Consequently, this approach enhanced efficiency and reduced risk by allowing developers to make immediate changes before shipping to production based on the continuous feedback they received. While agile methods had always enhanced development, there was still a discrepancy in the flow when it came to deployment, which still embraced the waterfall methodology. While development used agile to lower risk and increase efficiency, deployment hung on to the linear waterfall structure, slowing down delivery and leaving testing to the end of the process — a process that wrongfully split ownership. This created huge bottlenecks in delivery cycles because developers would need to start from the beginning if a problem were discovered near the end of deployment.
It was through seeing this disconnect between development and deployment as well as understanding the benefits of embracing agile in all aspects of software delivery that Debois came up with the notion of DevOps. The marriage of development and operations along with the extended best practices and principles associated with agile had the potential to greatly increase efficiency and lower delivery risks.

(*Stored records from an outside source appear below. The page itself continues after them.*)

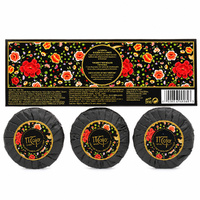 Maja Classic Round Soap 100g x 18 images 2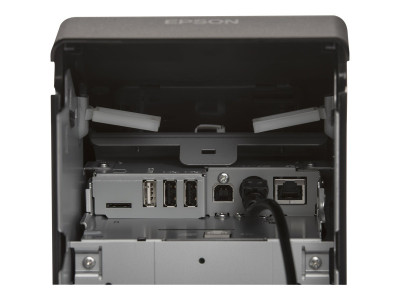 Epson TM-M30II-S (012A0) Imprimante thermique direct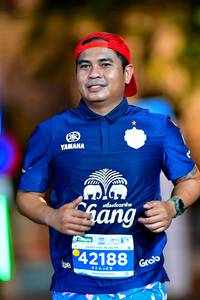 BIB: 42188
                            <button type="button" onclick="openModal(15589190)" class="btn btn-primary btn-sm float-right btn-popup" data-toggle="modal" data-target=".modal-high-quality">
                        <i class="fas fa-shopping-cart"></i> Add to Cart
                    </button>
                                            <button type="button" onclick="isThisMe(15589190, true)" class="btn btn-success btn-sm float-right btn-popup btn-isme hidden" data-toggle="tooltip" data-placement="bottom" title="นี่คือรูปของคุณใช่ไหม คลิกที่นี่เพื่อเอาเข้าอัลบั้ม">
                        <i class="fas fa-plus"></i> Add to album
                    </button>
                    <button type="button" onclick="isThisMe(15589190, false)" class="btn btn-warning btn-sm float-right btn-popup btn-isnotme hidden">
                        <i class="fas fa-ban"></i> Remove from album
                    </button>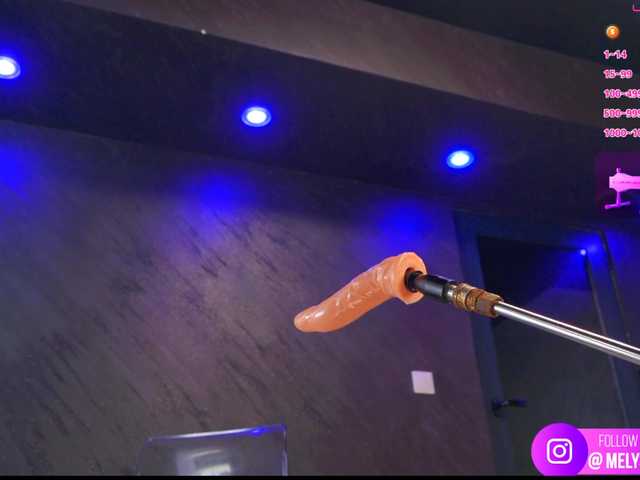 Preview of im-your-love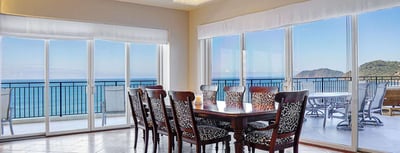 Luxury Villa Photo #9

DevOps Requires a Cultural Change
DevOps is not a tool nor a technique. It’s a cultural change. Change is feared throughout most organizations of any type, so the adoption of new methodologies can quite challenging. Therefore, it is vital first to define the business need that brought on the discussion on the potential change as well as the accompanying challenges. Nowadays, businesses are expected to quickly deliver flawless applications that focus on user experience, but without the right tools, applications, and behavior, this seemingly simple task can turn into a complicated mess. Ultimately, faulty delivery translates into missed business opportunities.
DevOps culture can live only in environments where everyone is on board with the philosophy. It takes the right technology, situational assessment, and attitude to pull off successful software development and delivery. If everyone in an IT organization is on the same page and understands the power of clear and consistent communication as well as the underlying business goals, then the sky’s the limit. Of course, having a wide skill set is beneficial to every aspect of the process, as long as those fortunate individuals are willing to be team players.

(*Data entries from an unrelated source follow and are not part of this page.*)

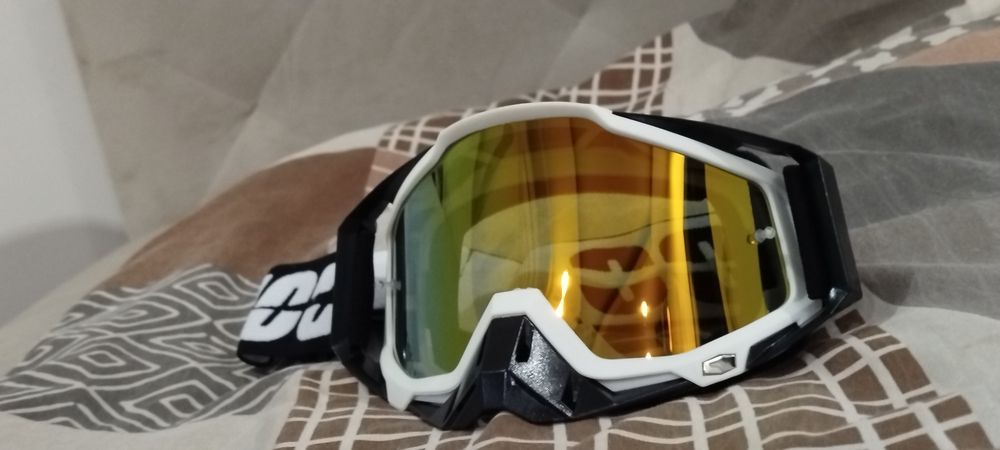 Ultra lekkie google sportowe 100 gratis wysyłka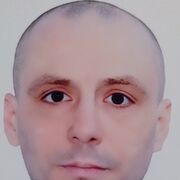  ,  , 46
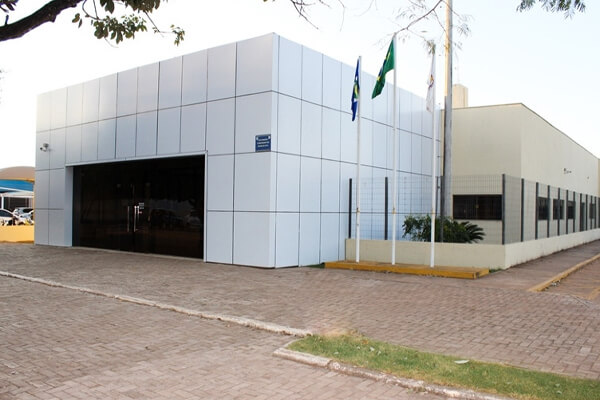 Programador-é-preso-acusado-de-ameaçar-juíza-de-Cáceres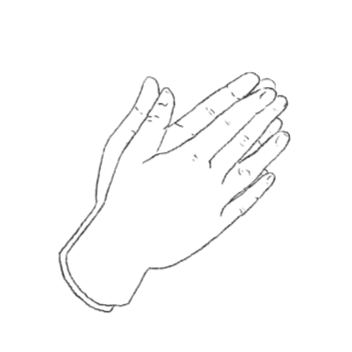 Prayer & Ministry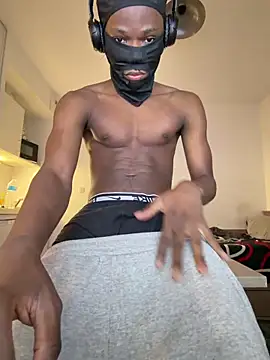 Renoirmonter online show from 03/31/26, 12:56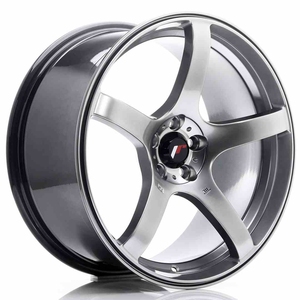 Kuva tuotteesta Jr Wheels Jr32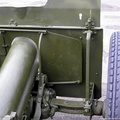 am 76 2 mm gun 06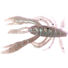 Pep Prawn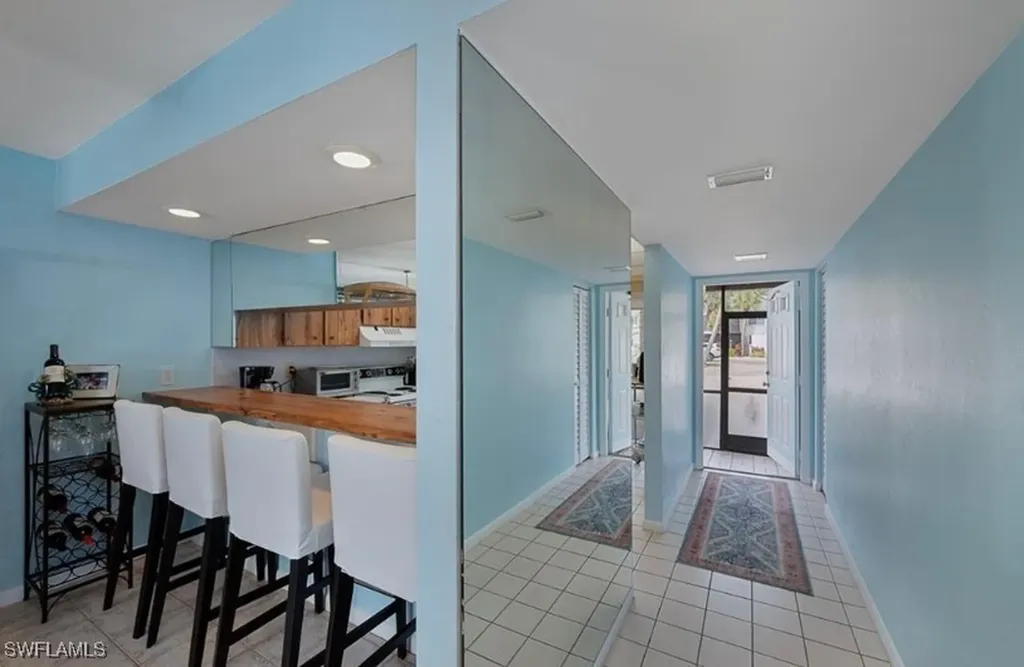 4092 Northlight Drive Naples FL 34112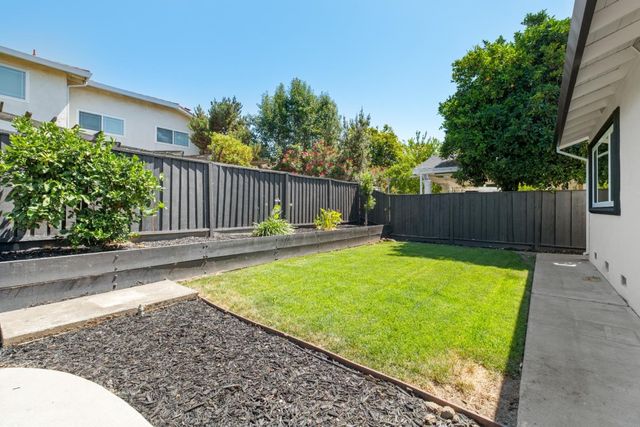 2688 Mignon Drive, San Jose, CA 95132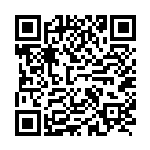 bc1q7mxd8xl9z9c5mx89ar347krdfx93xlr3ds784erqnjrf53x3rluse0j0ul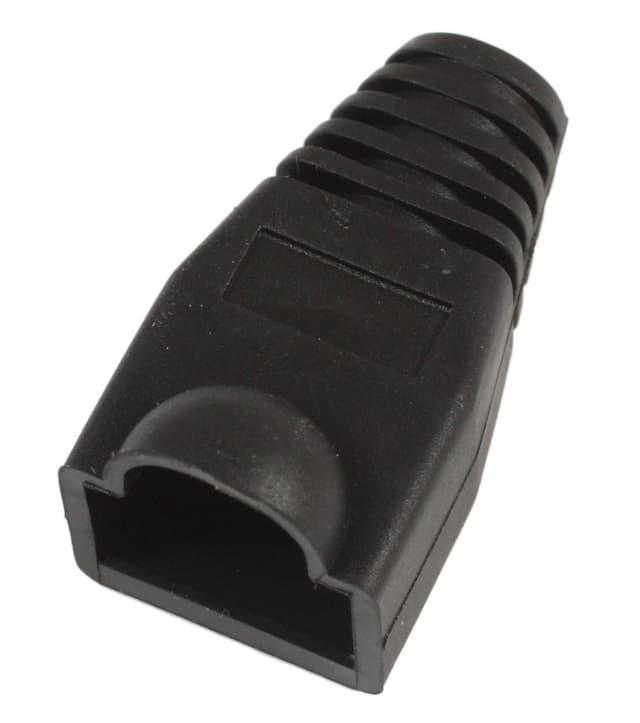 Microconnect Adapter 50-pack (KON503B)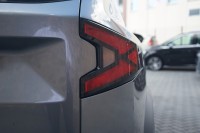 Dacia Duster Expression mHEV 140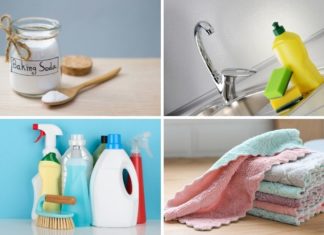 Simple and Effective Guide to Cleaning a Dough Mixer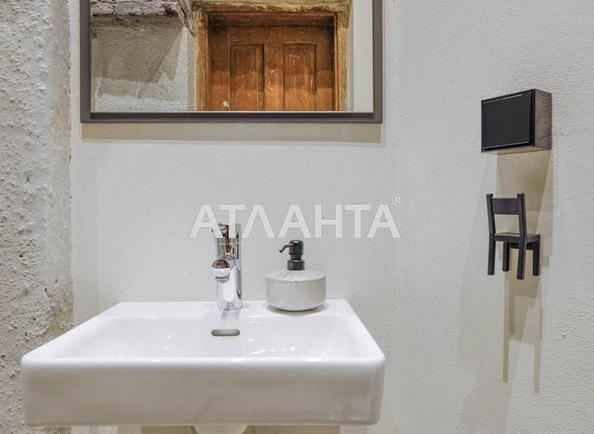 2-комнатная квартира по адресу Коперника М. Ул. (площадь 80,9 м²) - Atlanta.ua - фото 14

DevOps Needs Unified, Multi-Skilled Teams
As mentioned above, collaboration, communication, and integration are the key elements of incorporating DevOps into any development and delivery setting. Building multi-skilled teams that are made up of individual talents (e.g., developers, sysadmins, and testers) can add great benefit, but without the right teamwork and attitude, the talent is virtually useless. When people know they can rely on everyone else, the group as a whole also moves much more quickly and efficiently, ultimately leading to happier customers.
The first step in a DevOps approach involves recognizing how software development, IT operations, and QA are mutually dependent on each other. As mentioned above, DevOps relies on cross-departmental collaboration and open communication between the key players in the software delivery pipeline in order to boost operational efficiency, predictability, and maintainability. Integrating and automating these elements early in the process enables teams to stream software delivery.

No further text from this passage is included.